TURN AND FACE THE STRANGER

Penelope is very kindly handing out weekend passes to those of us who just have too damn much to do. I will, however, have to take a rain check on it until after Christmas, I suspect, as this weekend is the first of several weekends with absolutely NO FREE TIME.

Today, I’m going to have fika with a woman I’ve never met. She’s been a member of the AWC for 4 years and is nearing 80 and has never been to a single event. I talk to her several times a year, but despite the fact that I live only about 10 minutes away from her, we’ve never managed to get together or to get her to an activity. She’s an artist, a fiend for billiards and a jet setter. I can’t wait to meet her.

Finally caught up with the rest of the internet and found Mimi Smartypants, one of those Chicago bloggers I’m envious of, who writes up a storm, and makes me have to close the office door so my boss won’t come in and ask me why I’m laughing so hard. She’s got a book coming out, too (squee!), like Real Live Preacher, both of which I hope are better than the lameness that the website-to-book, Things My Girlfriend & I Have Argued About was.

I was lamenting the fact yesterday that during the inevitable aging process, added to the fact that I’ve now been away from the States for 7 years, I’ve now lost all touch with American cultural references. It doesn’t help that I lived as a teenager in Europe for 6 years with no TV, and that I don’t watch TV hardly at all ANYWAY and that I don’t have the time or the budget to see all the movies I’d like to. It’s the recipe for a bitter former Trivial Pursuit champion that no longer knows what the hell kids are talking about these days. Pop culture is history. For me, anyway. I’m still stuck with the slang of the 70s and 80s.

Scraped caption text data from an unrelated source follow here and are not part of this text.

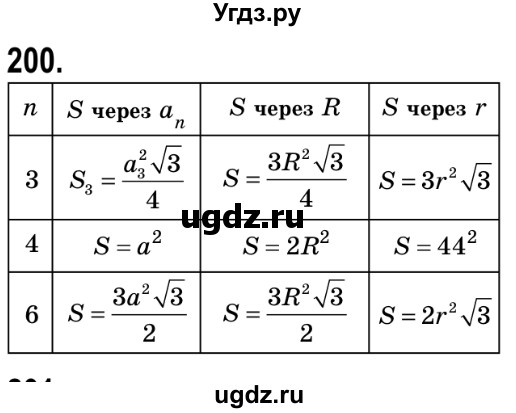 ГДЗ (Решебник №2) по геометрии 9 класс Ершова A.П. / завдання номер / 200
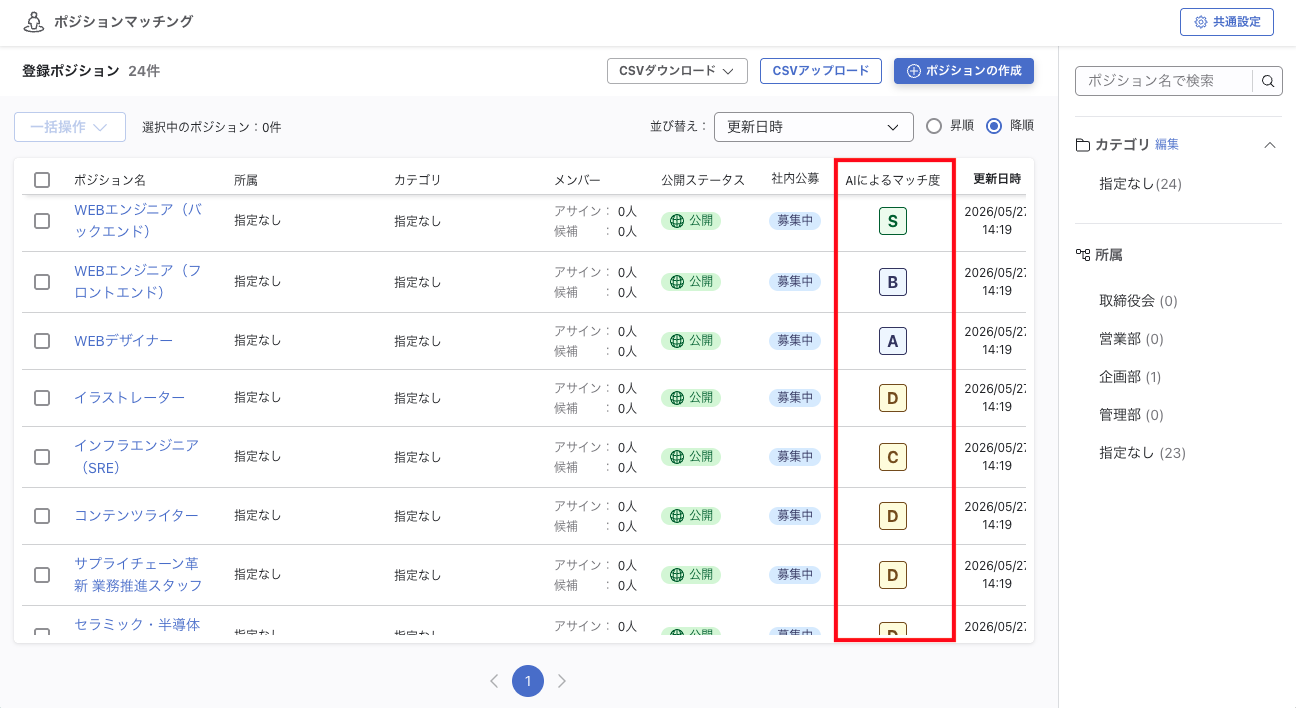 ポジション一覧画面。「AIによるマッチ度」列に各ポジションのランクが表示されている。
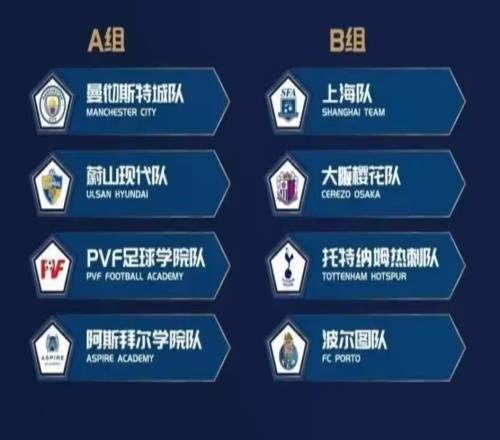 明日之星足球赛上海U16代表队15大阪樱花,无缘小组出线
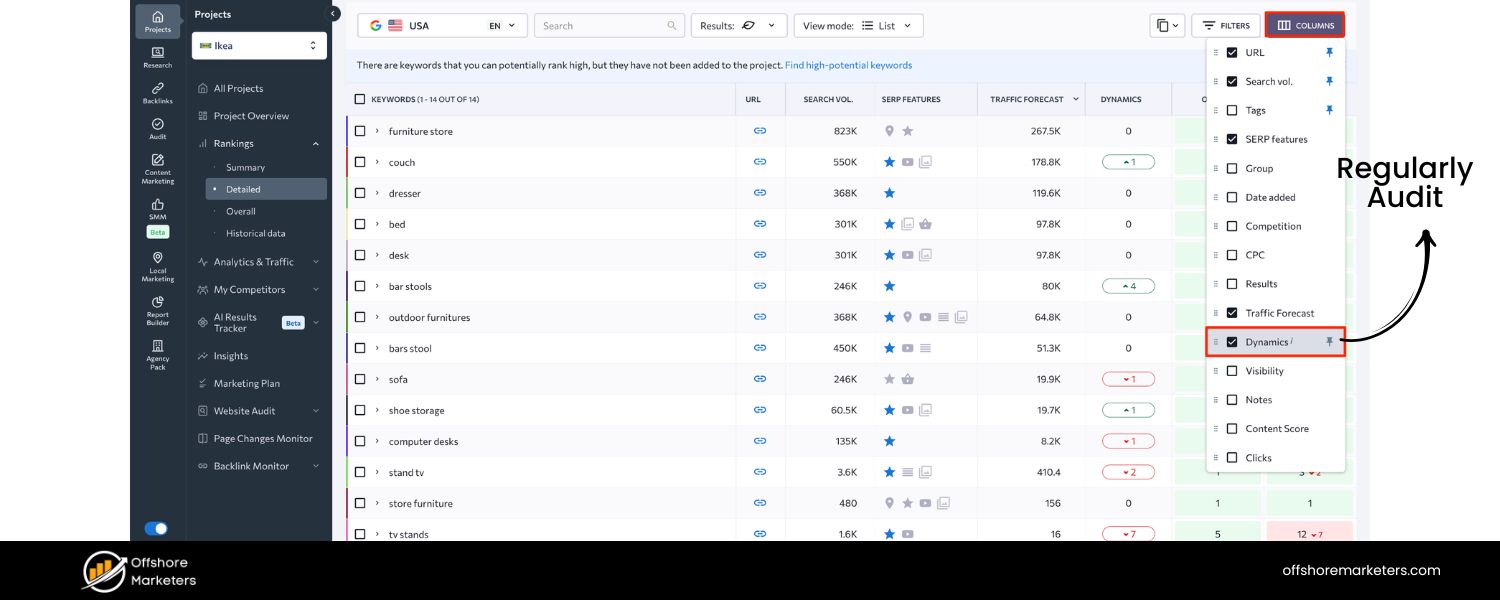 Regularly Audit and Update Content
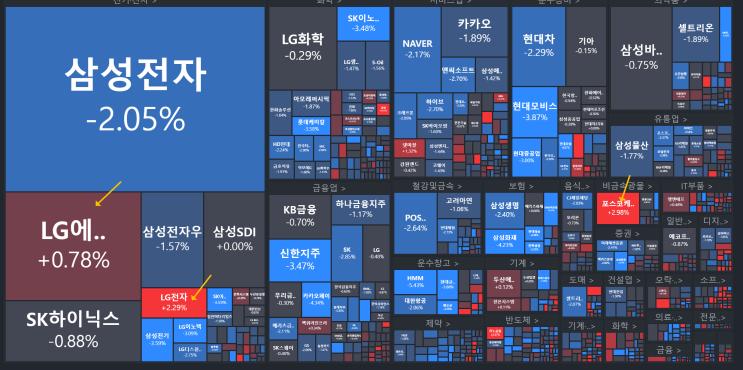  1월30일 (월) 국내주식차트분석 (lg전자10만원,lg엔솔양전의미,중국수혜주)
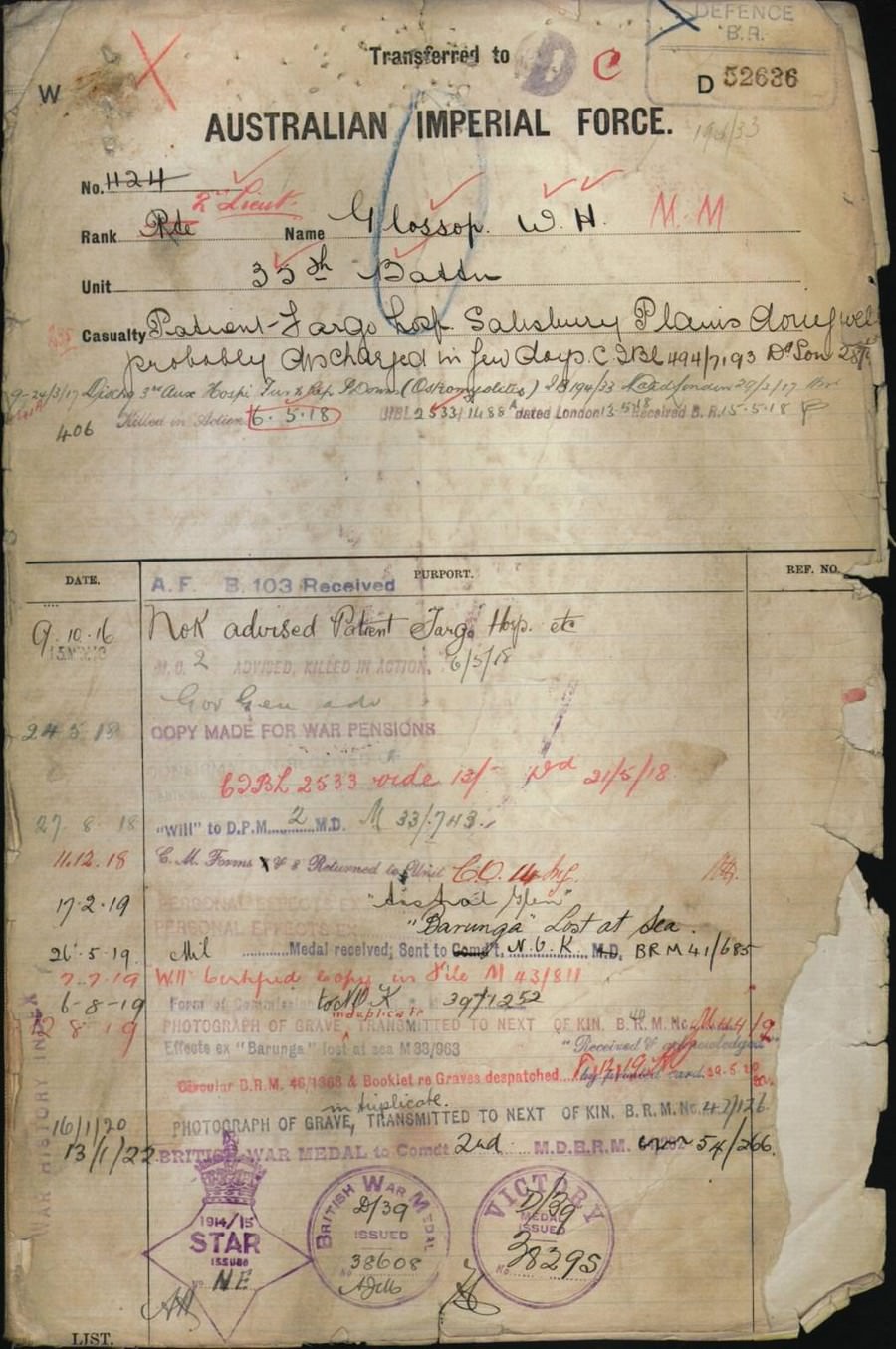 World War 1 Records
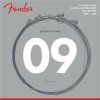 Fender Round Core NPS Bullet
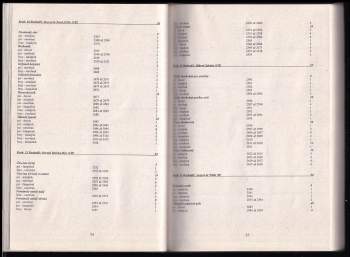 Mezinárodní výstava psů - všech plemen CACIB FCI - Praha 14. - 15. 06. 1997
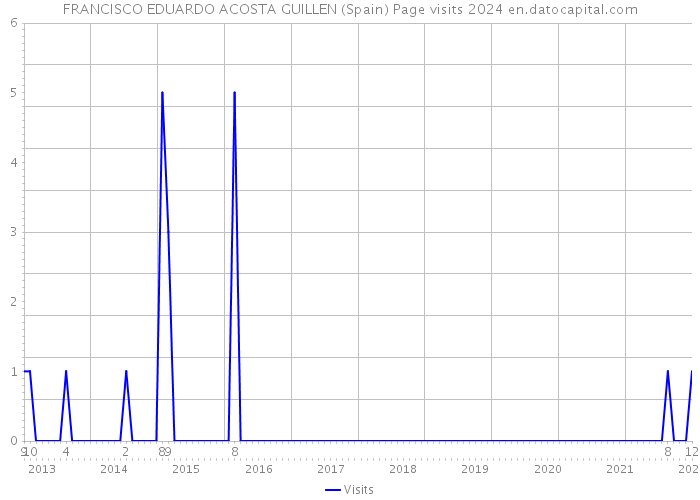 FRANCISCO EDUARDO ACOSTA GUILLEN (Spain) Page visits 2024 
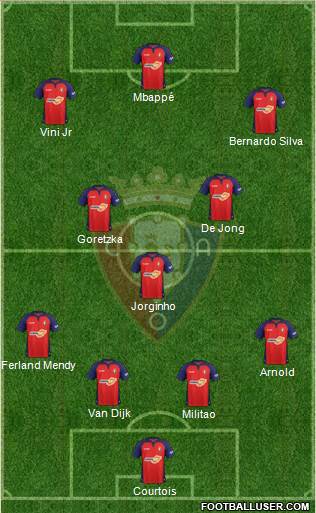 C. At. Osasuna Formation 2021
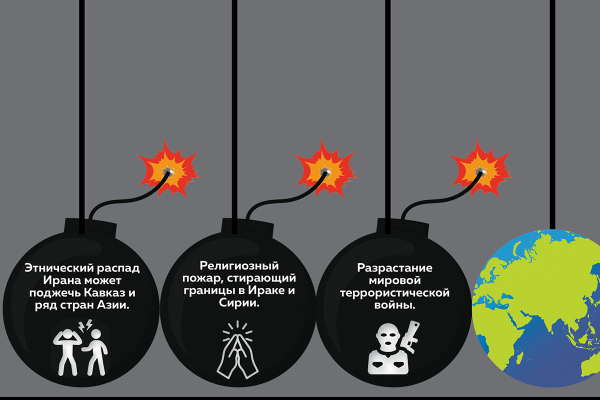 Ближневосточный узел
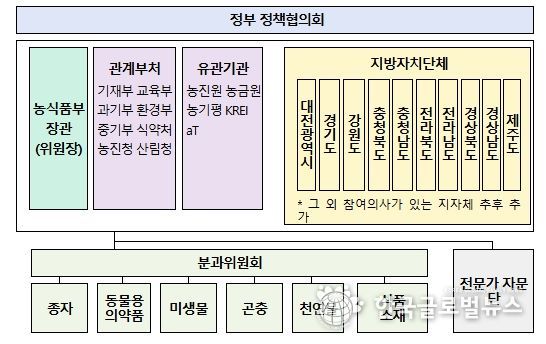 그린바이오 산업 발전 협의회 구성(안)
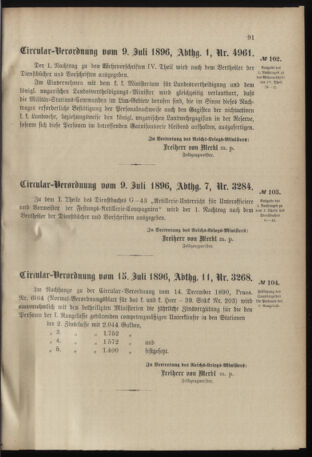 Verordnungsblatt für das Kaiserlich-Königliche Heer 18960718 Seite: 5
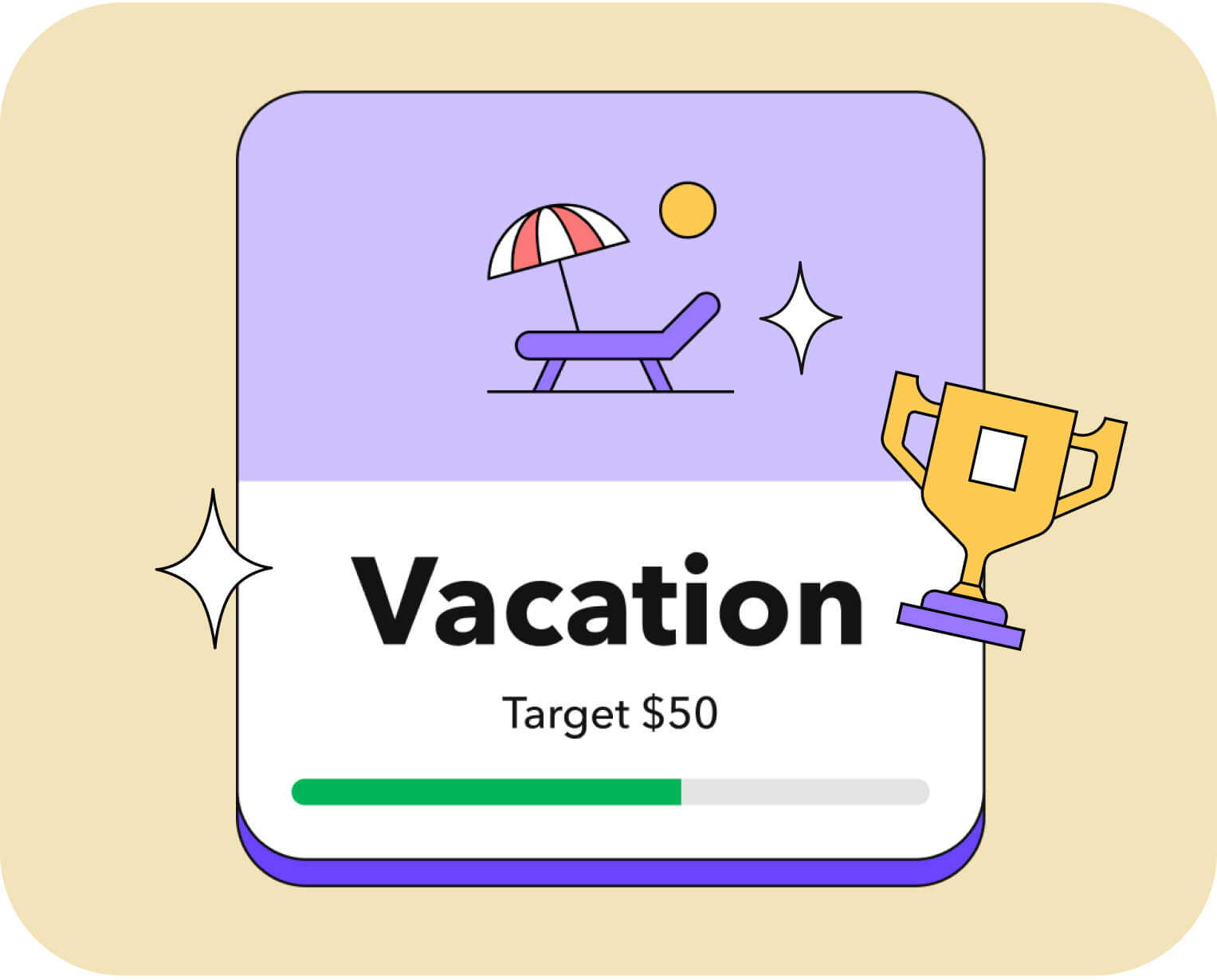 Setting goals and achieving them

Bitchin’.

The standard rule of thumb for expatriates is that 5 years is the limit for moving back home within the margin of comfortable repatriation. After that, so many things will have ch-ch-changed that it is like moving to a NEW country, instead of back to the old. I’ve now been outside of the U.S. for nearly 13 years. That’s more than a fourth of my life. The thing is, I don’t know how much of my feelings of being adrift in a sea of unfamiliar references have to do with the fact that I’m an expat…or that I’m nearing 40. Time may change me, but I can’t trace time, it seems.

Edited to add There’s a patch of blue sky among the grayness outside my windows…!! C’mon, SUN!